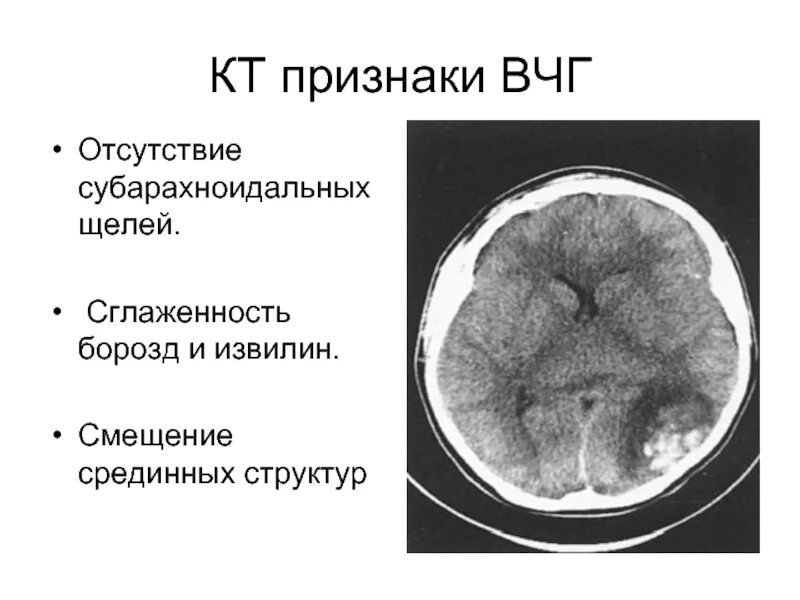 Кт признаки повышения внутричерепного давления. Мрт головного мозга признаки внутричерепной гипертензии. Кт картина внутричерепной гипертензии. Симптомы интракраниальной гипертензии.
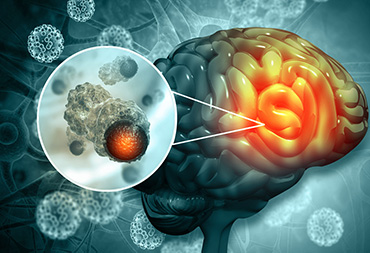 Brain And Spine Tumour Surgery In Thane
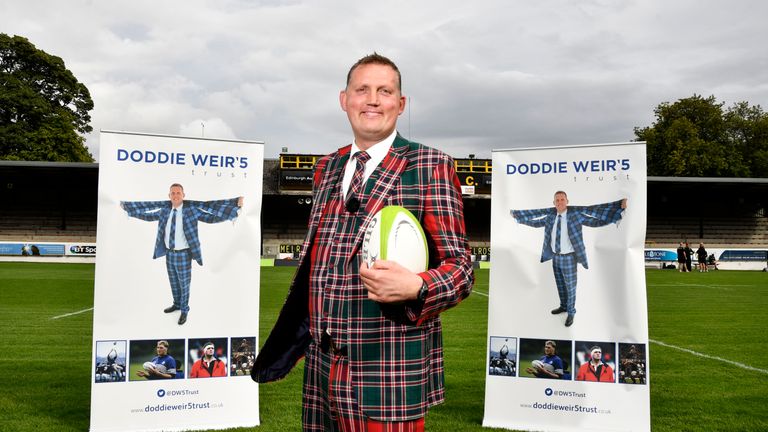 25/08/17.THE GREENYARDS - MELROSE.Former Scotland international Doddie Weir is pictured as he launches The Doddie Weir'5 Discretionary Trust and Foundation.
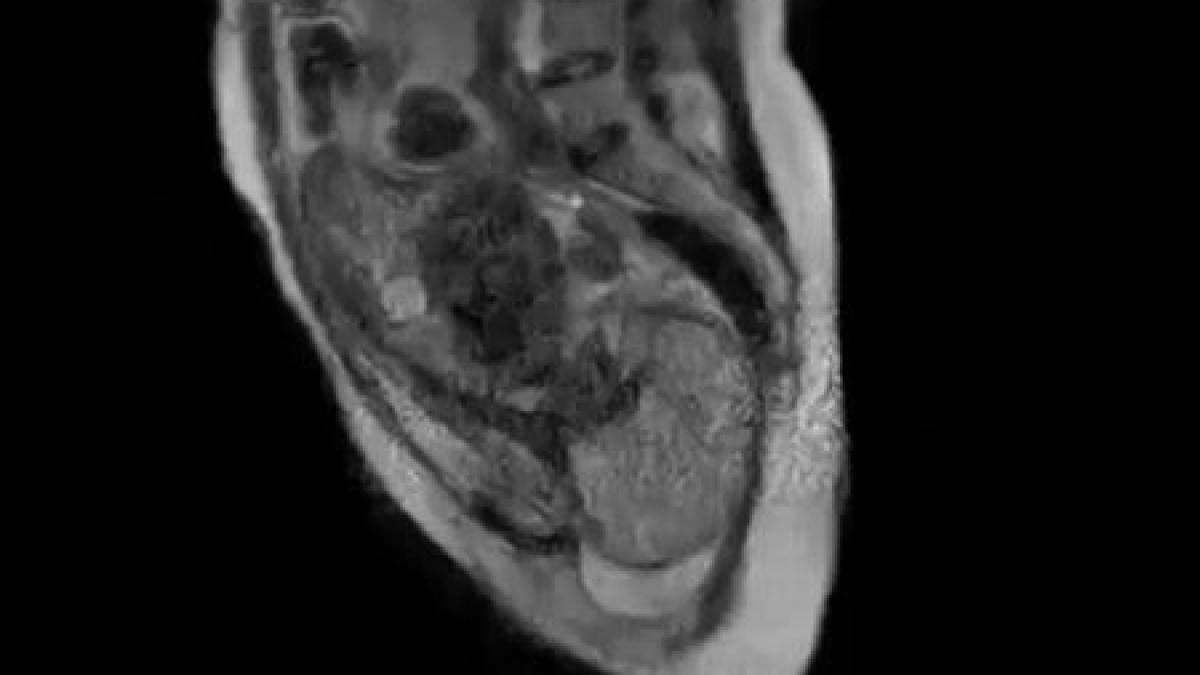 premiera mondiala in medicina inregistrare cu primul copil nascut intr un aparat rmn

--- --- ---

Work required — Reproduce exactly the lines above from the one with "Brain And Spine Tumour Surgery In Thane" through the last line of the data, keeping both ends and dropping the pictures.

Problem solution —
 Brain And Spine Tumour Surgery In Thane
 25/08/17.THE GREENYARDS - MELROSE.Former Scotland international Doddie Weir is pictured as he launches The Doddie Weir'5 Discretionary Trust and Foundation.
 premiera mondiala in medicina inregistrare cu primul copil nascut intr un aparat rmn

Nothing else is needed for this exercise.